**DIRECTIONS FOR THIS TASK:** Please transcribe exactly the line that holds "Polo Ralph Lauren Brown" and all lines that follow it to the end of the records below, omitting any pictures.

*** SOURCE MATERIAL

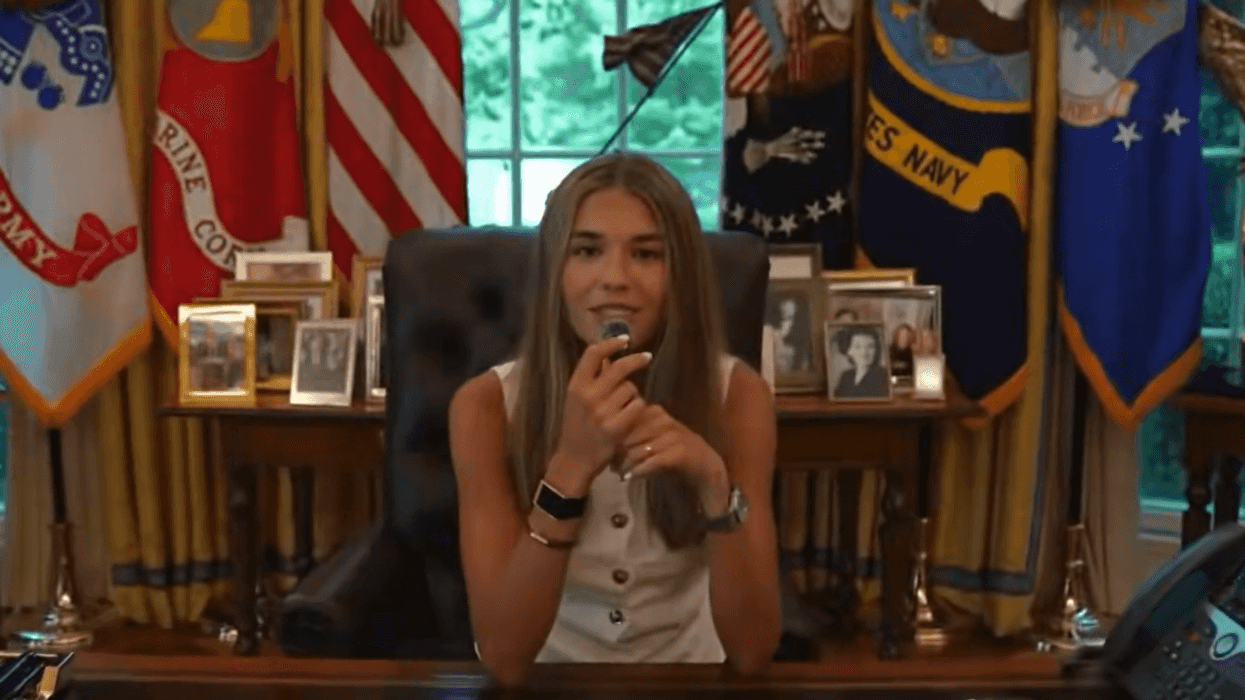 Kai Trump sparks debate with White House tour after calling it ‘her house’
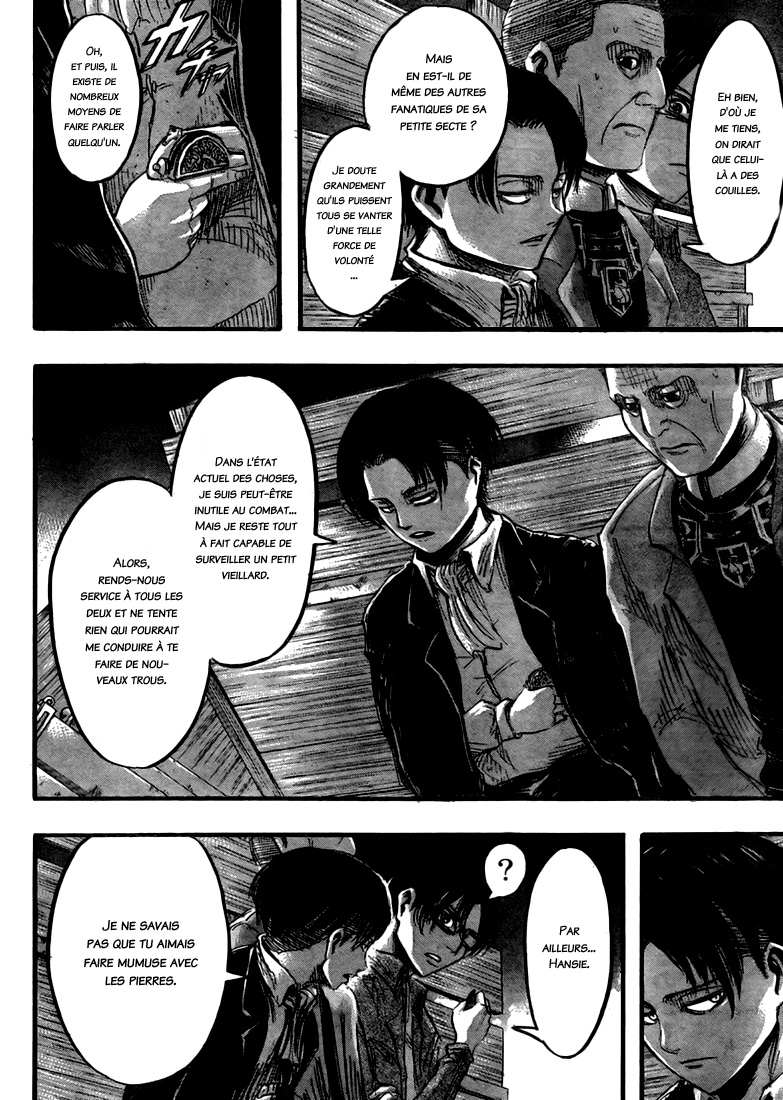 Read L'Attaque des Titans FR Manga Online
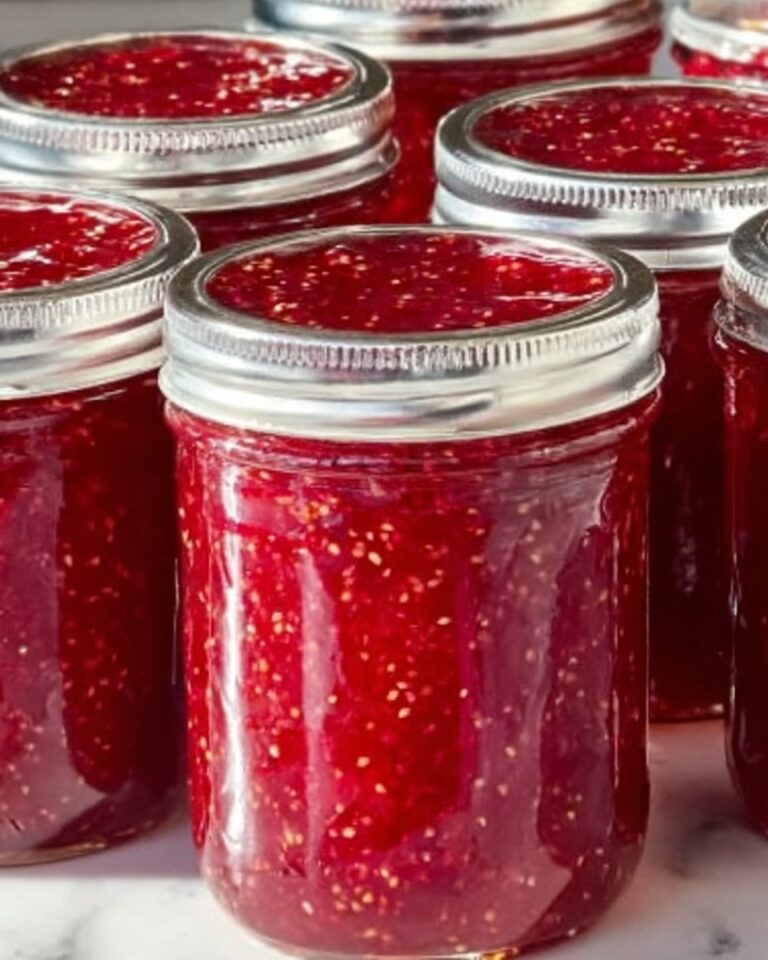 Rhubarb and Strawberry Jam Recipe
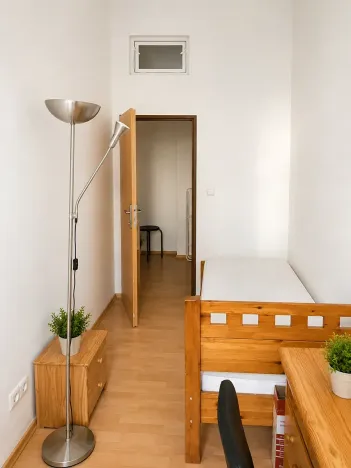 Pronájem pokoje, Praha - Karlín, Peckova, 15 m2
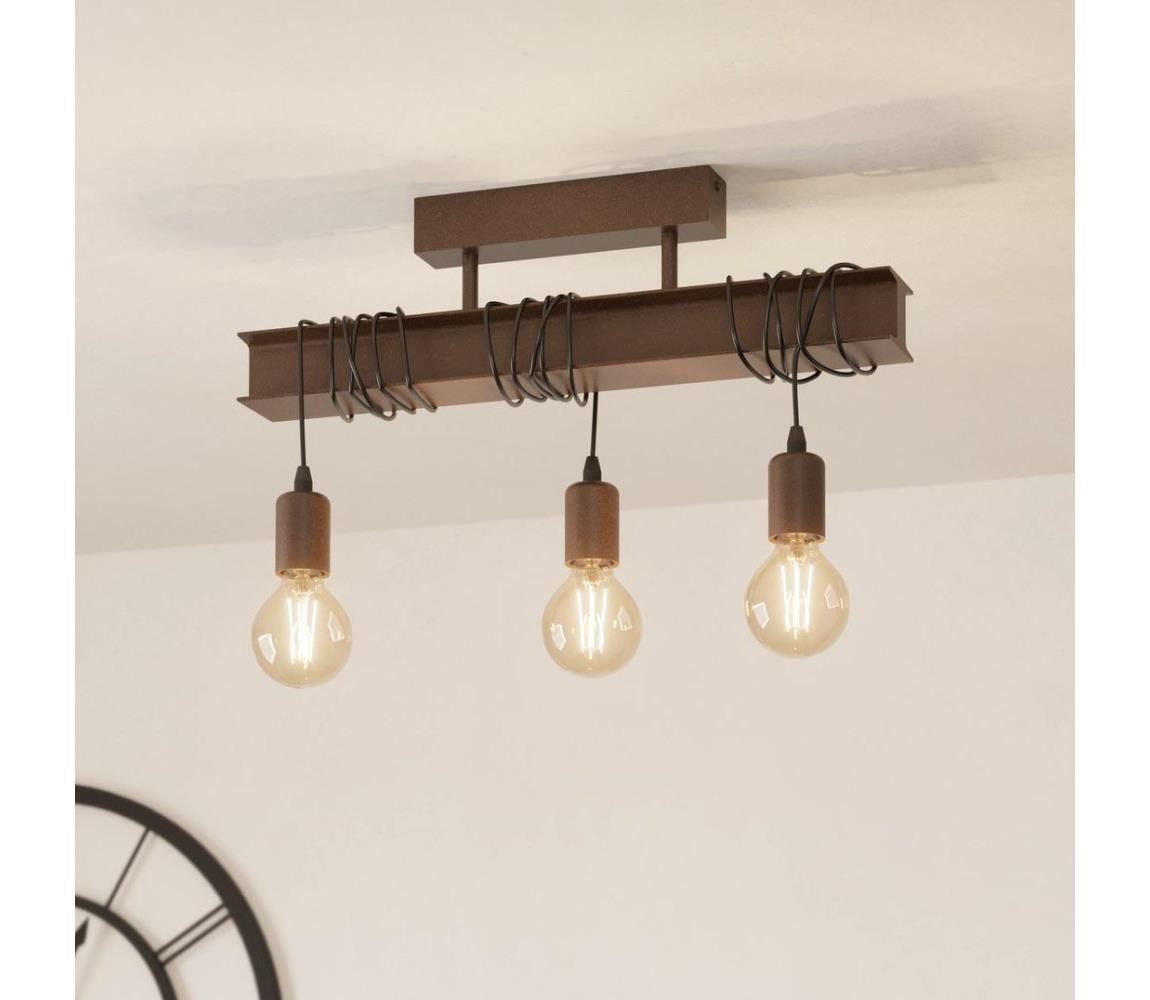 Eglo Eglo 43522 - Přisazený lustr TOWNSHEND 3xE27/60W/230V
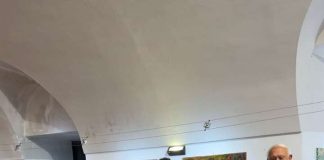 Luigi Brescini, presidente Associazione Nuovi Castelli Romani: “Alberto Bertucci alla chiusura della Personale di Iryna Zyza a Palazzo Ruspoli di Nemi”
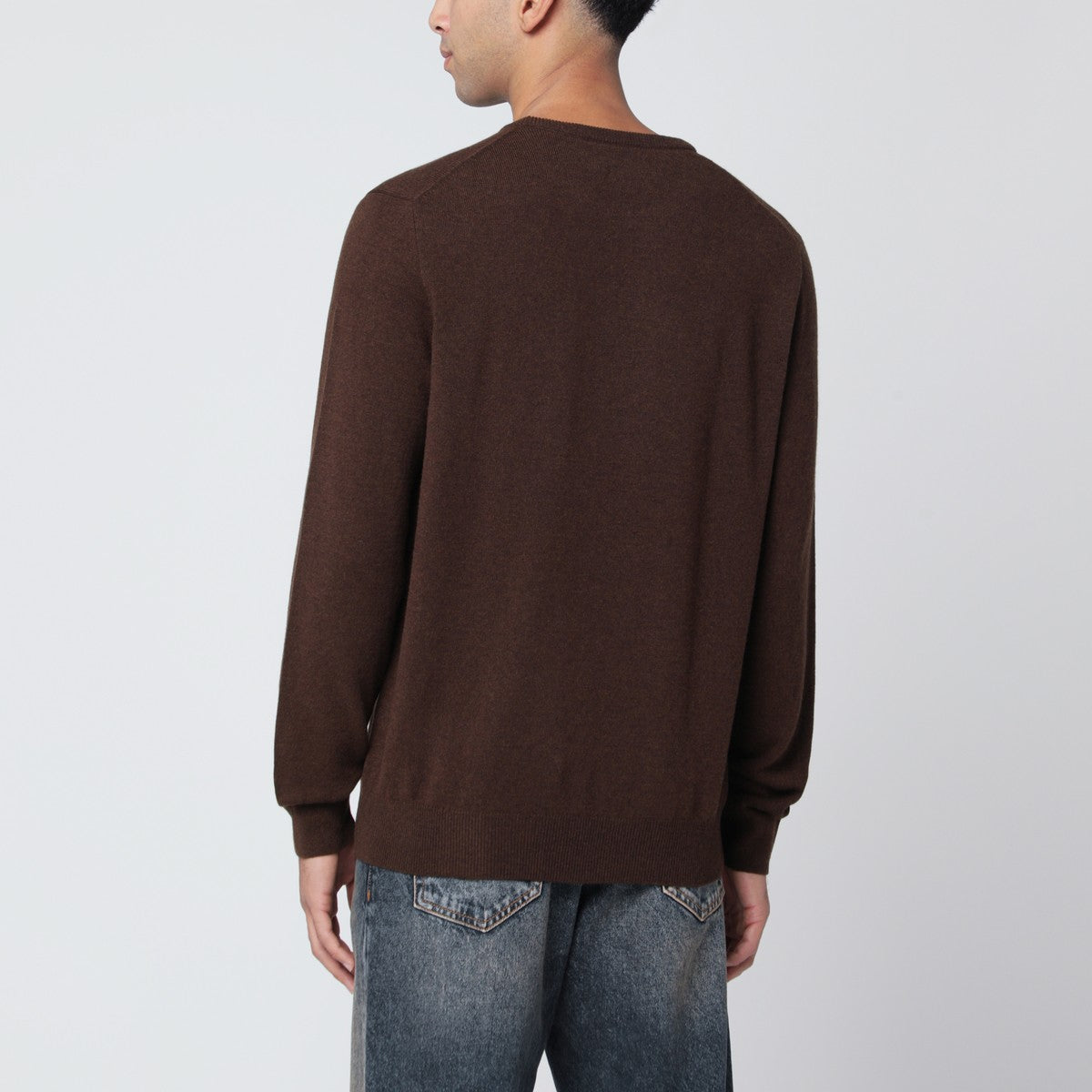 Polo Ralph Lauren Brown wool sweater Polo Ralph Lauren
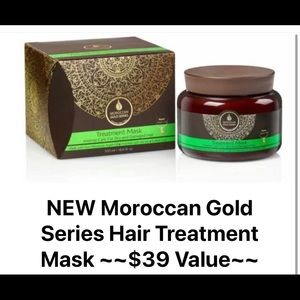 NEW Moroccan Gold Series Hair Treatment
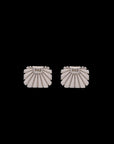 Ray Of Light Studs Silver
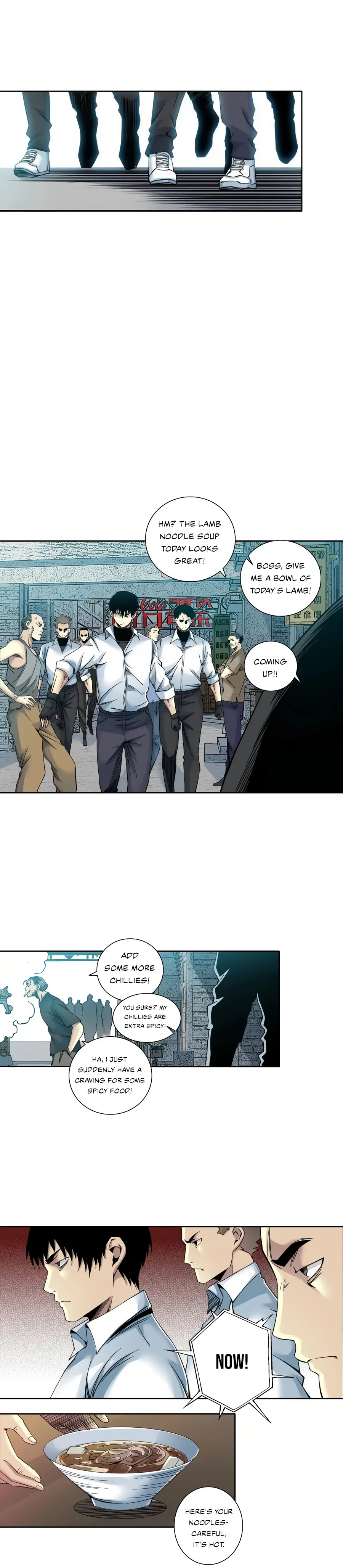 I Built A Lifespan Club chapter 85 page 7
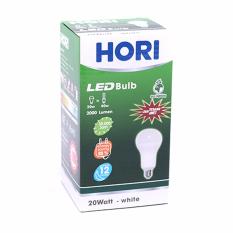 HORI Lampu LED Bulb Bohlam 20Watt / 20 Watt - Putih
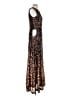 DKNY Metallic Brown Cocktail Dress Size 4 - photo 4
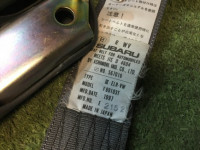 Ремни безопасности SUBARU LEGACY OEM 64619AC322MU 64619AC332MU BG5 1998 Silver 406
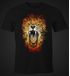 Herren T-Shirt Löwe Lion Inferno Fun-Shirt Moonworks®preview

******

**TASK RESPONSE:**
 Polo Ralph Lauren Brown wool sweater Polo Ralph Lauren
 NEW Moroccan Gold Series Hair Treatment
 Ray Of Light Studs Silver
 I Built A Lifespan Club chapter 85 page 7
 HORI Lampu LED Bulb Bohlam 20Watt / 20 Watt - Putih
 DKNY Metallic Brown Cocktail Dress Size 4 - photo 4
 Ремни безопасности SUBARU LEGACY OEM 64619AC322MU 64619AC332MU BG5 1998 Silver 406
 Herren T-Shirt Löwe Lion Inferno Fun-Shirt Moonworks®preview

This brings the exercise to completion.